Fairly soon into the tour, Obama met with some protesters. Specifically, Tea Party activist Ryan Rhodes in Decorah, Iowa, according to CBS News. Rhodes asked how Obama could call for civility when the Tea Partiers had been referred to as terrorists by Vice President Joe Biden. Biden's remarks were taken out of context in this sense, but many still feel outrage at the comparison, which linked the tactics of the Tea Party to terrorists holding hostages.
"Now, in fairness, since I've been called a socialist who wasn't born in this country, who is destroying America and taking away its freedoms because I passed a healthcare bill, I'm all for lowering the rhetoric," Obama replied.
Still, Rhodes and a few other protesters refused to back down. One woman cited Homeland Security Secretary Janet Napolitano, who said that right-wing extremists had to be monitored, the news source reports.
"That's true, Timothy McVeigh should be – you would agree with that," Obama said.
He also made a point to discuss the initiatives he has tried to pass that are meant to spur job growth, infrastructure programs and tax cuts, but have been held up in Congress.
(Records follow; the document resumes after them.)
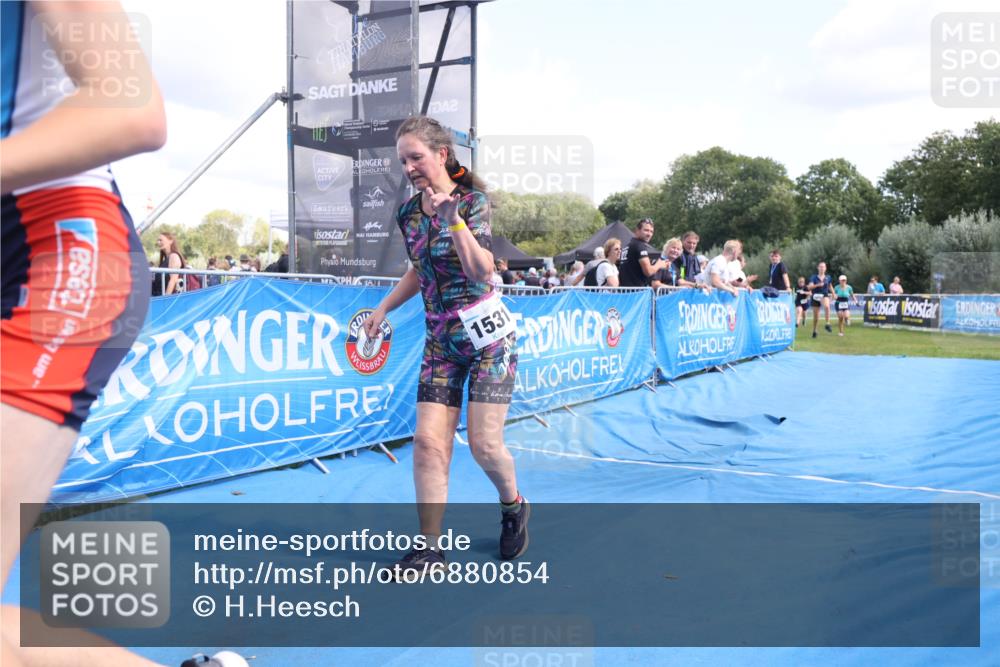 25.08.2024 - Elbe Triathlon Hamburg H.Heesch http://msf.ph/oto/6880854 25.08.2024 12:27:27 Ziel 1531, 1534, 1655, 1676, 1727 meine-sportfotos.de
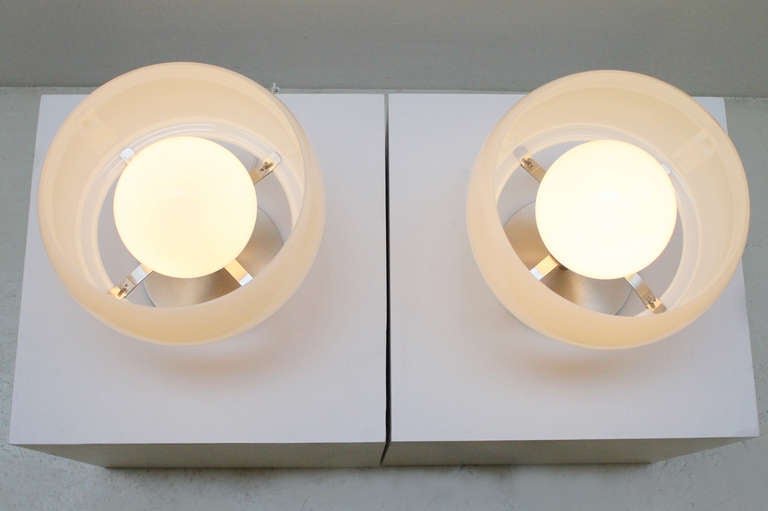 A Pair of Erse Table Lamps by Vico Magistretti In Good Condition For Sale In Barcelona, ES
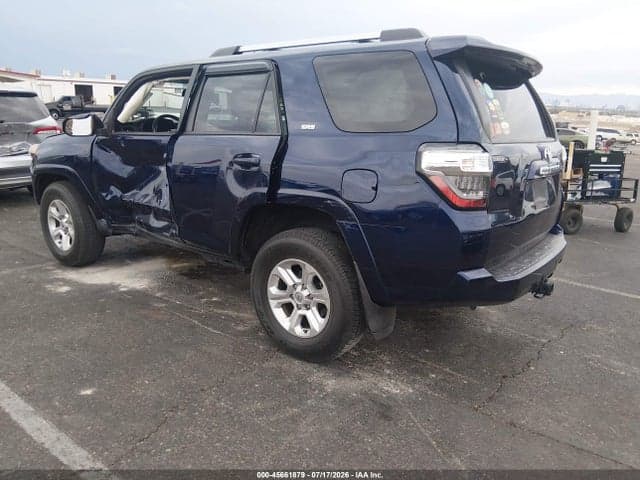 2023 TOYOTA 4RUNNER SR5 3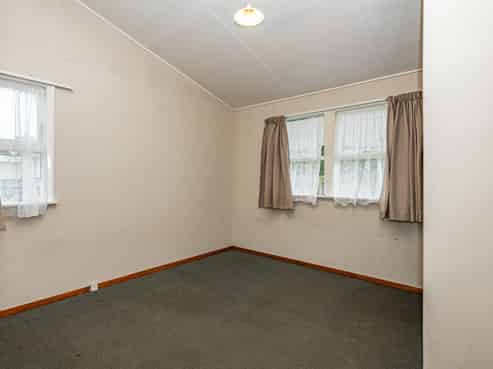 42 Seddon Street, Feilding
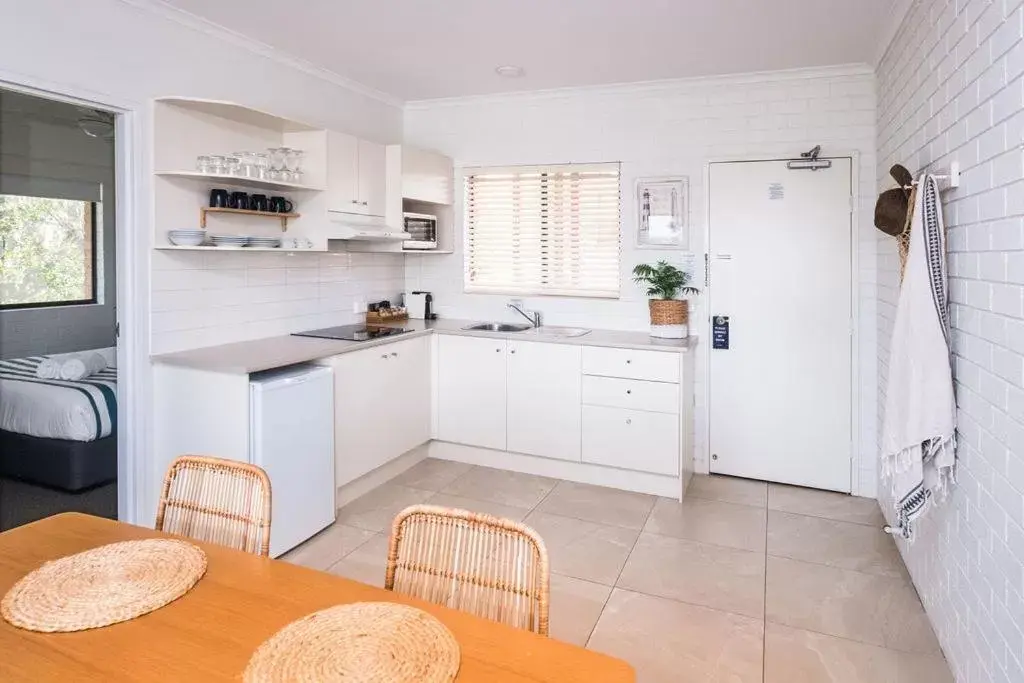 Kitchen or kitchenette, Kitchen/Kitchenette in Mollymook Seascape Motel and Apartments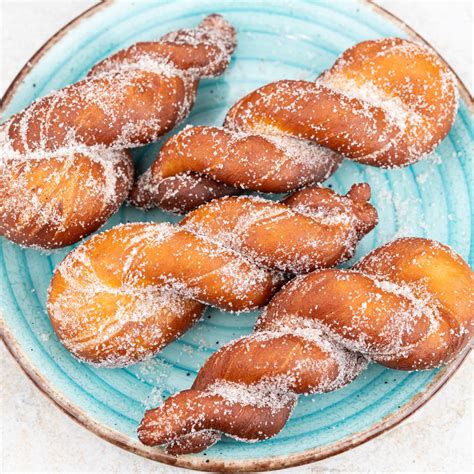 Pączki különböző töltelékekkel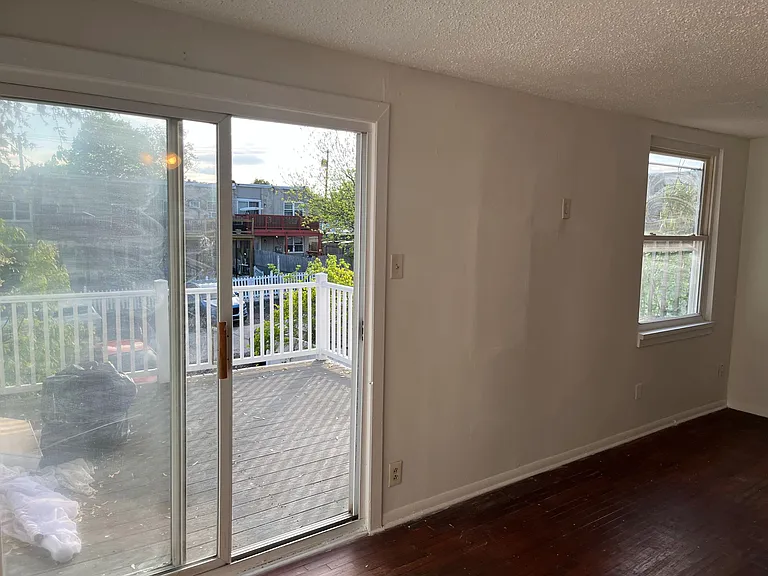 3406 Ashfield Ln #2 — Photo 3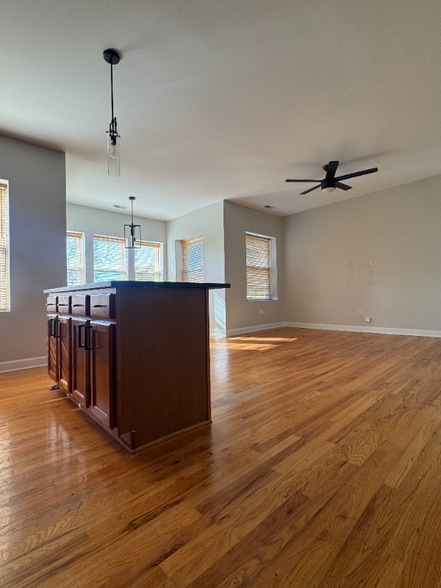 Building Photo - 3708 W Ainslie St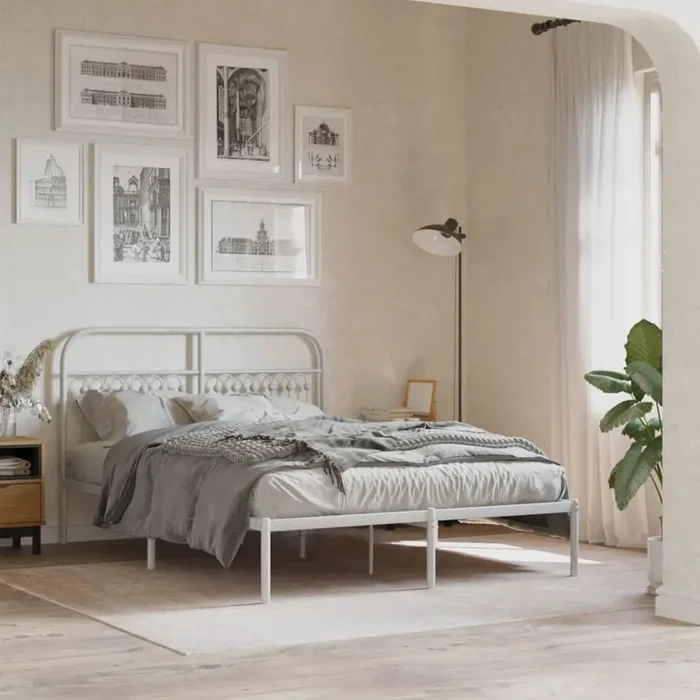 vidaXL Metal Bed Frame without Mattress with Headboard White 135x190cm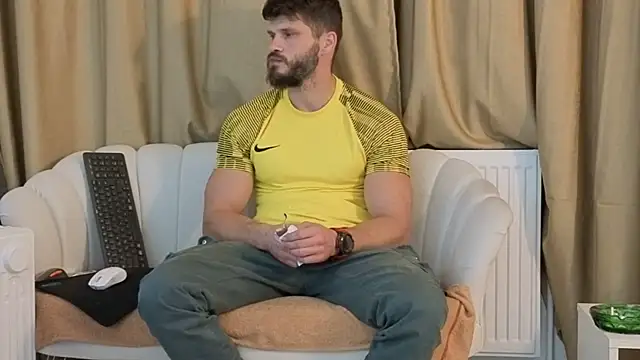 MauroTwin online show from November 2025 06:31:02 PM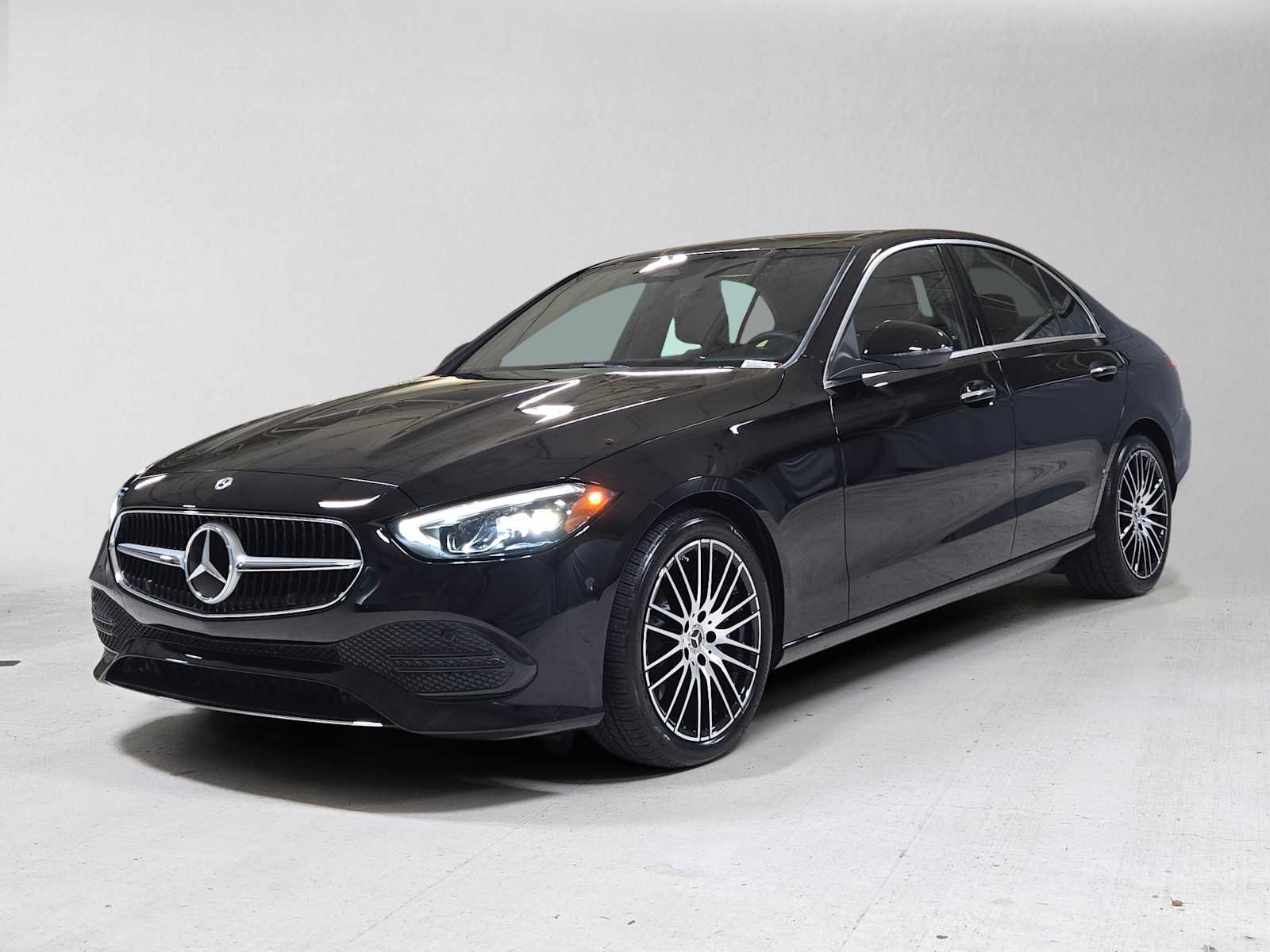 Certified 2026 Mercedes-Benz C 300 4MATIC Sedan image 6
The 2012 elections are heating up. On the Republican side, Minnesota congresswoman Michele Bachmann won the Iowa straw poll, showing that she has a major following that could possibly carry her to the Republican nomination. Rick Perry and Mitt Romney are expected to be the other primary contenders, although Ron Paul has been surprisingly resilient, given the lack of coverage he has received from most media outlets.